I sat in the ZinZanni tent for what seemed like the millionth time. This time I was waiting for our star Liliane to arrive for her photo shoot. She blew in as stunning as always; gliding through her makeup routine with the ease that only comes with decades of practice and experience. She smiled wistfully during our introduction; I the ZinZanni intern and she our leading lady, and waived away my frets with her painted fingernails–protesting any food or flowers. “No frills,” she demanded, “Just bring me my ‘shampoo’.”
From there, I followed the crew (consisting of Korum, Lisa, and Miriam) on my little orange scooter to Michael Doucett’s photo studio in Pioneer Square where we were scheduled for an afternoon of set-up shots featuring Liliane. Stuffing ourselves into an elevator that looked as though it had been excavated from the sunken Titanic, we held our breaths until lifted to our destination; a vintage shared studio littered with ceramics, photos, paintings, and a collection of other artistries. The landlord appeared in time to give Liliane the tour of his studio–a world of brightly colored flowers, music, and statues from around the world. “You are so talented!” Liliane exclaimed at the pictures, “you must teach me! I am, of course, no good–but I must learn this from you!”
Much obliged, the artist agreed. “So, what’s your story?” he asked timidly, still not sure what to make of the woman praising his work, “what do you do?”
She tipped back her head with dramatic flair, “Why, I am a star,” she pronounced. “First, I was a ballet star, then I was a movie star, then I was a Broadway star, and now I am a Teatro ZinZanni star,” she smiled widely upon reflection, “All my life I’ve been a star!”
He shifted his eyes in confusion or embarrassment, not sure where to land. “Good, very good,” now laughing, “That’s wonderful.”
She smiled and laughed back to him, “I know!”
By now, Michael had appeared in the other room, busy throwing together lights and backdrops, playing with the ideas of different props and scenarios. His words fell rapidly from his mind as he filled us in on all the gossip of the photography world, the ideas he had for ZinZanni characters, and whatever else happened to run across the screen behind his eyelids. He melted over Liliane as she walked into the room, “You’re make-up is perfect! Everything is perfect! Hands down, the most beautiful woman I have ever photographed!”
As she changed into her dress, I popped open the champagne and the party began. I asked again if she might need anything to eat to which she responded, “Oh no. I don’t eat, only drink,” she laughed, “and at this age it’s okay to say.”
Must be a good age to be, I thought, probably for the first time.
She dazzled us with her poses–her energy seeping through her pores, capturing the lens with the same charisma she uses to captivate her audiences nightly. She chatted through life stories of living next to Judy Garland, tucking her into bed after wild nights of Vegas parties.
“You knew Judy Garland?” Michael stopped, nearly dropping his camera.
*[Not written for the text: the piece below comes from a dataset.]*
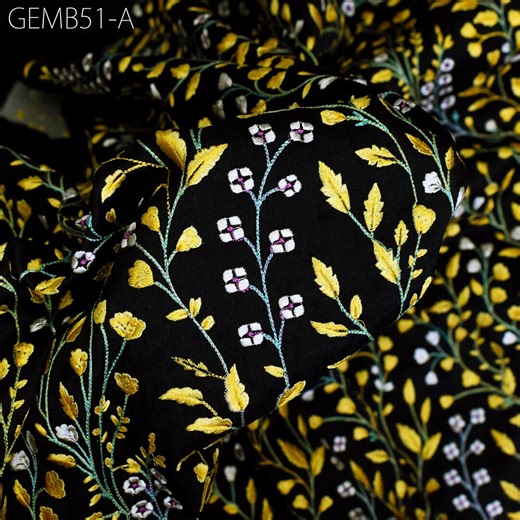 Wedding Dresses Material Indian Black Embroidered Fabric by the Yard Sewing DIY Crafting Embroidery Costumes Dolls Bag Cushion Table Runners - Etsy Ireland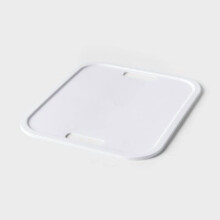 Couvercle en plastique blanc pour système de rangement cubique de 13 pouces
“Oh, yes,” she shrugged, “I only want to be surrounded by talented people. I love talented people! How else can you learn?”
“Judy Garland…” Michael drooled, for once, seemingly speechless.
After a few more costume changes and what seemed like a hundred shots, we rendered it a day. Liliane said her goodbyes to her newly established painting instructor as we cleared the studio.
She seemed to confirm herself that day, proving that which she and everyone else already knew; Liliane was simply born to be a star.